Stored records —
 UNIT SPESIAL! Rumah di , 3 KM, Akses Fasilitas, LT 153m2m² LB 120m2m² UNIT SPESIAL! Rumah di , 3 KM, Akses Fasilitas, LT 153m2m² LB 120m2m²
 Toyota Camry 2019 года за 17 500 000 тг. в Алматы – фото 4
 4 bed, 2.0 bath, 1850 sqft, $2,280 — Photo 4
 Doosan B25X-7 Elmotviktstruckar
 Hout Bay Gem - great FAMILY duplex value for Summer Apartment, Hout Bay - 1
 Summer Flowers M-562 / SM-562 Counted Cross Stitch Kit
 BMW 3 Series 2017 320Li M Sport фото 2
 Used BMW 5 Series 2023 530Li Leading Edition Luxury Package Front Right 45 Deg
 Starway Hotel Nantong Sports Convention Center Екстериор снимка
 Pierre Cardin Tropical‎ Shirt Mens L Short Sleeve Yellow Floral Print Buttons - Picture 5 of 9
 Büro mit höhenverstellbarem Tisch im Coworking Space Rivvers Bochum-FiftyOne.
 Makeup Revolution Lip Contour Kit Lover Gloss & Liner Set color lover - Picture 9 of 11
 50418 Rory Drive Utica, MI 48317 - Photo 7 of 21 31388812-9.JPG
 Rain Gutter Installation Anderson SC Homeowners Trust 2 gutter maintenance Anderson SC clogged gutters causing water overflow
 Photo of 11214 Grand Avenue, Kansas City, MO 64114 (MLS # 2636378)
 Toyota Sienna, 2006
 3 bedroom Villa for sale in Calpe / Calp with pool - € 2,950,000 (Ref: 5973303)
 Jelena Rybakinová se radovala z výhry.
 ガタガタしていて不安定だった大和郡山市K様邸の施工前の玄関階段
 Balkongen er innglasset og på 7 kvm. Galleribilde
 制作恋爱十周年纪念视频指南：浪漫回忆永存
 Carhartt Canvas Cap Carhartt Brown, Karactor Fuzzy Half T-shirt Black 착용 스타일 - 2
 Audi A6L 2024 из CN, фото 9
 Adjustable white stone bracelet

Work to be completed — Reproduce all lines from the records above that include the word "Series".

Response for this exercise —
 BMW 3 Series 2017 320Li M Sport фото 2
 Used BMW 5 Series 2023 530Li Leading Edition Luxury Package Front Right 45 Deg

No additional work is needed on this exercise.